- [Brief]
Go through the entries below. Copy each line in which "Kids" appears.

- [Data to examine]

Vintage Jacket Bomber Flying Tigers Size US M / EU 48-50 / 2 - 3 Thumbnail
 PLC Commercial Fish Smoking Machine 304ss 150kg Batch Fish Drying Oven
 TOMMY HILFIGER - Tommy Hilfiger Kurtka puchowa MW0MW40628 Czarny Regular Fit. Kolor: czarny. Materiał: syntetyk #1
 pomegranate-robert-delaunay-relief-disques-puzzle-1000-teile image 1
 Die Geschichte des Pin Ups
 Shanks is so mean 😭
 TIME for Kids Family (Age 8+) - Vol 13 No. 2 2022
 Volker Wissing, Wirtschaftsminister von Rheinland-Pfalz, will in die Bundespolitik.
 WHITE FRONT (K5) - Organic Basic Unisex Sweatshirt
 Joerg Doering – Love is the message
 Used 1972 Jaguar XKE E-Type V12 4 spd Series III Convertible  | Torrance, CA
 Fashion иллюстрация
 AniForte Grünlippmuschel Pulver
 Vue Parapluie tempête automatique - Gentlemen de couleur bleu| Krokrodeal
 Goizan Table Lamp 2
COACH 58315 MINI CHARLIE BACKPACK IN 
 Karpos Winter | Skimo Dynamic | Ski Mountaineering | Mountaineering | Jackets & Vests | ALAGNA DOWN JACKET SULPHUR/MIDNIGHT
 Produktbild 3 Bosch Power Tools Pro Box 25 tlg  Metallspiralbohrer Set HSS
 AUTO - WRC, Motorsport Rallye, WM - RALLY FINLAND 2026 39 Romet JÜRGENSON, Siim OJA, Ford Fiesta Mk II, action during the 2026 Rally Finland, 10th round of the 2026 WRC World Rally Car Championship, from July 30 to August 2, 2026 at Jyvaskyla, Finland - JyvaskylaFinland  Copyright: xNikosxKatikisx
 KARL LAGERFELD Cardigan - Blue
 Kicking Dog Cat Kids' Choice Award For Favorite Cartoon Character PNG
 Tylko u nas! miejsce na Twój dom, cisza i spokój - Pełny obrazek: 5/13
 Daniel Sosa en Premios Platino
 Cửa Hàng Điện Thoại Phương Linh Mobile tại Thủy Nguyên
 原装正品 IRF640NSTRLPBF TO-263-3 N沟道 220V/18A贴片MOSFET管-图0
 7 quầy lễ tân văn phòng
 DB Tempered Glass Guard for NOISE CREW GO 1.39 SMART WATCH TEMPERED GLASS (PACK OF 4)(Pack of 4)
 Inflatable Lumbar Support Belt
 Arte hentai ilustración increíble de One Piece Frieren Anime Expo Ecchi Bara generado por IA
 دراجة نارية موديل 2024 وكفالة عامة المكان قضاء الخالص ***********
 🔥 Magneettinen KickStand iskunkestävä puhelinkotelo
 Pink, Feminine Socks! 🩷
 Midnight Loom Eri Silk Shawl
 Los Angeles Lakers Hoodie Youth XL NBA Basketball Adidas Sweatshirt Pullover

- [Solution for this problem]
 TIME for Kids Family (Age 8+) - Vol 13 No. 2 2022
 Kicking Dog Cat Kids' Choice Award For Favorite Cartoon Character PNG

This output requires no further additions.